Ce sont donc des personnes, qui, selon la loi actuelle, avant 5ème révision, c’est-à-dire avant que l’on ne devienne plus sévère, mais aussi avant que l’on puisse profiter des nouvelles mesures de réinsertion professionnelle, sont considérées comme aptes au travail. Ces personnes ont été interrogées sur leurs moyens financiers, de manière à vérifier si l’hypothèse du Conseil fédéral, indiquée dans son communiqué, à savoir que l’on n’a aucune raison de penser que les personnes qui ne reçoivent pas de rente sont à l’aide sociale, si cette hypothèse du Conseil fédéral se vérifie ou non.

 

L’enquête

Nous avons observé un échantillon de 69 personnes ayant toutes reçu une réponse négative à leur demande de rente AI. Les participants proviennent de Suisse romande, alémanique et italienne. Leurs âges sont compris entre 28 et 65 ans, avec une moyenne de 46 ans. L’échantillon a été récolté de manière aléatoire. Il ne peut être extrapolé sans précaution. Il est cependant suffisant pour être indicatif.

 

Après avoir rempli une feuille de consentement éclairé, les participants ont répondu à un questionnaire leur demandant, notamment, à quelle date et pour quel motif ils avaient fait une demande de rente AI, ainsi qu’à quelle date et pour quel motif cette rente leur avait été refusée.

 

Les résultats sont les suivants :

 

35% des individus interrogés sont actuellement pris en charge par leur famille (salaire du conjoint, aide financière des parents ou des enfants).

 

39% vivent de l’aide sociale.

 

26% travaillent à temps partiel ou ont d’autres sources de revenus.

 

On constate donc que la réinsertion professionnelle, même partielle, est une solution minoritaire. 74% des personnes interrogées sont à la charge de leur famille ou de l’aide sociale. Cela signifie que dans les trois quarts des cas, il y a transfert de charges sur les cantons et les communes, ainsi que sur les particuliers. On peut raisonnablement imaginer que si les règles d’octroi de rente deviennent encore plus sévères, ce qui est le cas actuellement, cette proportion augmente encore.

 

39% des personnes à qui l’on a refusé une rente doivent recourir à l’aide sociale. Que doit-on tirer de cette constatation ? Tout d’abord, qu’il y a bien report de charge d’une assurance sociale sur l’aide sociale. Cette enquête a été menée avant la grande vague de refus de rentes à laquelle on assiste aujourd’hui, soit de novembre 2005 à février 2006.

Conséquences

Les refus ont dramatiquement augmenté depuis 2004, ce qui signifie que la barre a été mise plus haut pour l’obtention de la rente : il faut être plus malade aujourd’hui pour obtenir une rente. Cela signifie que les personnes qui arrivent à l’aide sociale après un refus de rente peuvent être assez sérieusement atteinte dans leur santé.

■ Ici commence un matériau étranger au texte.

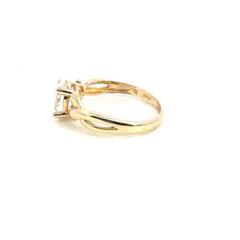 14K Yellow Gold Lady's Oval CZ Fashion Ring 2.9 grams Size:7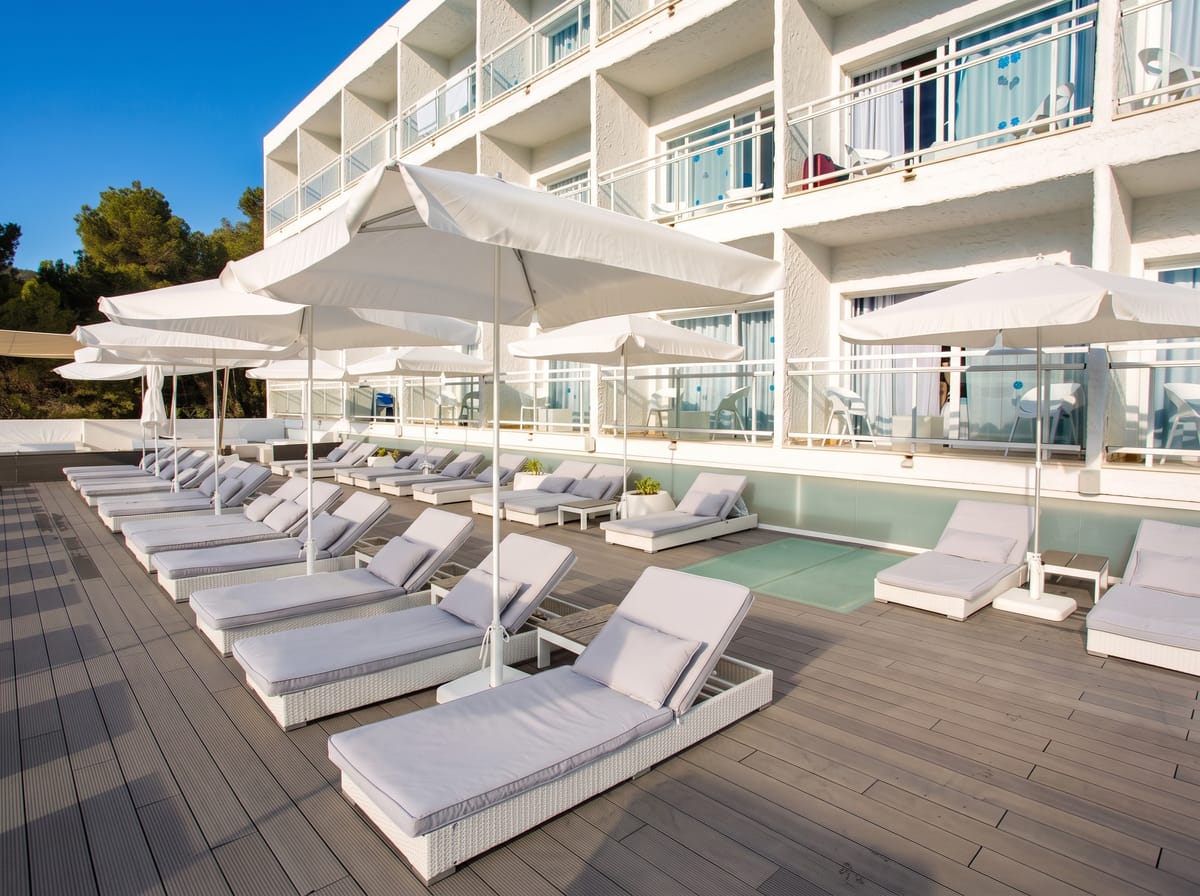 Grupotel Ibiza Beach Resort — photo 3 of 4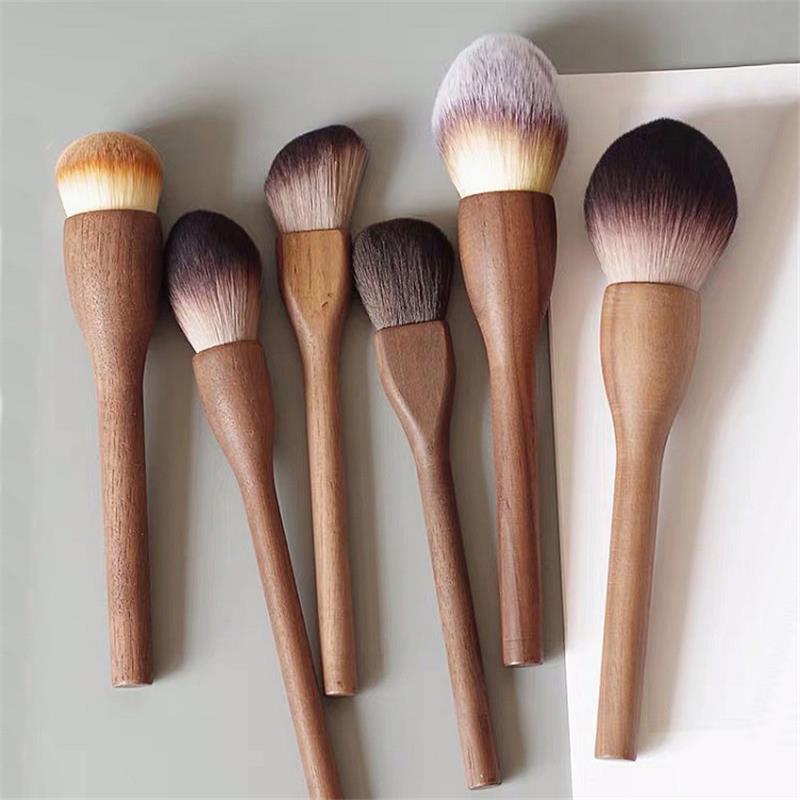 Nouveau pinceau de maquillage vintage européen à manche en bois de noyer de haute qualité, idéal pour la poudre libre, le blush, le fond de teint et le contouring. Ultra doux.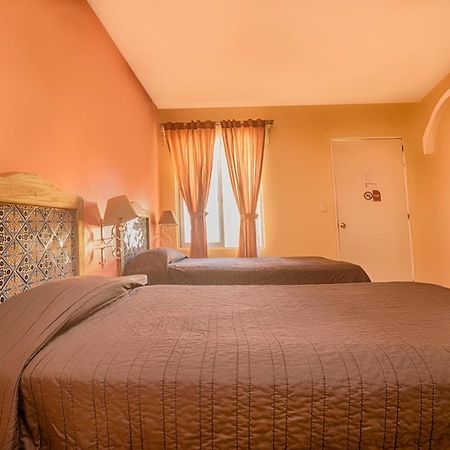 Hotel Del Rio 오리사바 외부 사진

L’aide sociale est-elle adaptée à cette nouvelle donne ? Ce n’est pas sûr. Le chômage l’est-il davantage ? Ce n’est pas sûr non plus. Ce sont les raisons pour lesquelles on voit un certain nombre de personnes être considérées comme aptes au travail par l’AI et comme non plaçables par les autres assurances sociales, qui ont déjà de la peine à réinsérer leurs clients, en pleine santé.

Le projet Mamac, de coordination entre les assurances et l’aide sociale, peut favoriser la réinsertion de ces personnes en évitant qu’elles ne tombent dans le trou ou la zone de non existence entre les différentes assurances, mais il faudra encore un certain temps pour en mesurer l’efficacité.

La 5ème révision devrait amener quelques outils supplémentaires pour la réintégration ou le maintien en emploi des personnes menacées d’invalidité. Malheureusement, ces outils sont probablement  très insuffisants, tant le Parlement a cherché à fixer des contraintes pour les personnes menacées d’invalidité et à les éviter pour les employeurs. Tant il a économisé même sur les mesures d’incitation destinées aux employeurs.

Cependant, l’aide sociale reste le dernier filet, censé récupérer toutes les personnes qui tombent du filet social duquel on est en train d’agrandir les trous.